COOS BAY, Ore. (AP) — When Robert Smith's 17-year-old son boogie boards, he wears a lifejacket.
That might seem extreme for anyone else, but being safe is an important part of enjoying Oregon's public beaches, said Smith, beach safety education coordinator with Oregon State Parks.
"Leave at home the idea that it can't happen to me because unfortunately it can, and we've seen it happen."
More than 260 incidents - including seven deaths last year and three this year - have been reported since 2002.
Avoid beach logs, Smith said. They can injure people climbing on them or near them, as happened to two children injured by a log rolled by a sneaker wave earlier this month in the Spinreel Dunes area.
The log trapped one girl underwater for 10 minutes.
"It only takes 4 inches of water to move a 5-ton log," Smith said.
"Always keep one eye on the ocean so you know what's going on and you can react," he said.
Watch out for sneaker waves that can pull people out to sea in rip currents that are difficult to escape, he said.
"First thing you want to do is not panic," he said. "And that will be very, very difficult."
If you're a swimmer, aim yourself parallel to the shore until you're out of the current, he said. People who can't swim should try to relax and call for help.
Wear a lifejacket when in the water, he said. Spring snow melt makes for swift currents and cold water filled with debris, he added.
In 2009, 385 people who drowned weren't wearing lifejackets, compared to the 87 who drowned while wearing lifejackets, the U.S. Coast Guard reported.
"The best lifejacket is the one that you're wearing," said George Tinker of U.S. Coast Guard Auxiliary Flotilla 51 in Coos Bay.
In an emergency, people won't have time to grab the one in the bottom of the boat, he said.
Be a defensive driver, Tinker said. Operator inattention was the No. 1 contributing factor to boating accidents in 2009.
"The bottom line is you're keeping a good lookout."
The auxiliary does free safety checks. Call 541-404-1115 to schedule one, or head down to Englund Marine on May 21.
Or, take a Boater Education course.
ATV riders generally get into trouble when they try to ride beyond their abilities.
"The most prominent age group is young adult - the bulletproof age," said Chief Jerry Wharton of the Hauser Fire Department.
Wharton said his department goes on 60 to 80 emergency calls on the sand each year.
Tourists with ATV experience from back home sometimes don't know how to adjust their riding habits for sand, he said.
"They have sand dunes in other areas, but they don't change like these do," he said. Winds create new drop-offs in a matter of hours.
Regardless of what training they've had, all riders who rent an ATV must watch a safety video to get a 30-day permit, said Troy Rockwood of Steve's ATV Rentals in Hauser.

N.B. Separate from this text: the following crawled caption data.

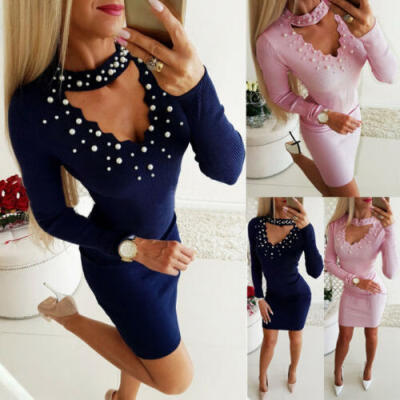 

Fashion Women Winter Knitted Sweater Bodycon Deep V Neck Long Pencil Party Dress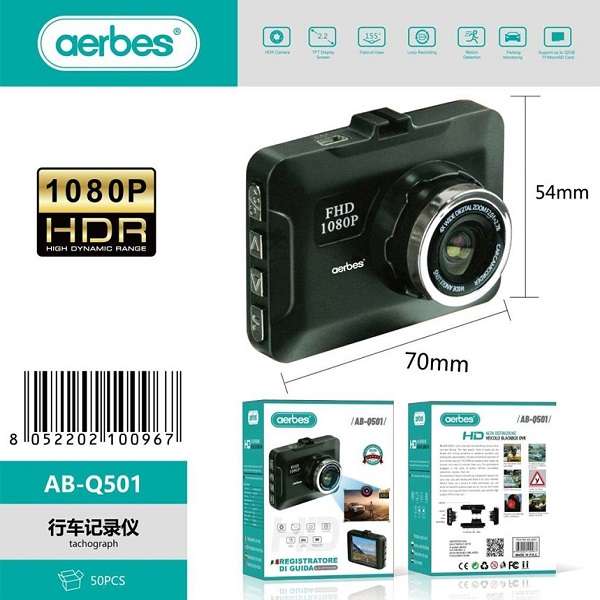 Q501 200Mah Full HD 1080P Car Dash Cam with Wide-Angle Lens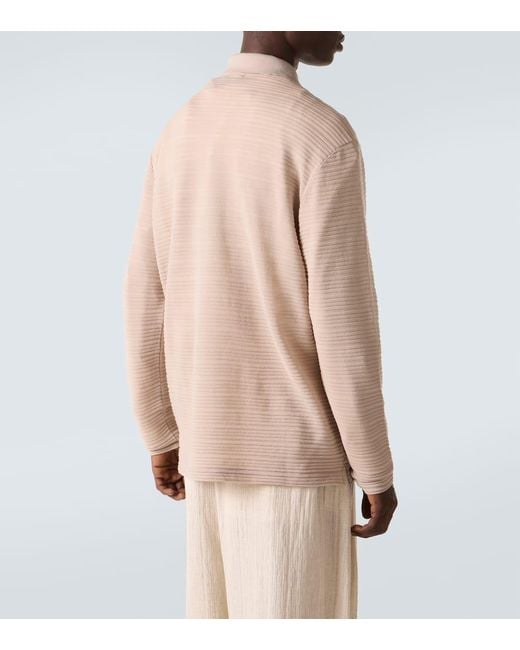 Giorgio Armani Pink Striped Virgin Wool Jersey Polo Sweater for men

He said accidents often happen when people go too fast for conditions or try to jump without using a spotter, who stands on a ridge and flags other riders off.
ATV riders aren't the only ones who get intp trouble on the dunes; bigger vehicles often need to be extricated.
Wharton said his department will help people extricate vehicles, especially if they have children with them, so long as there's no other emergency call.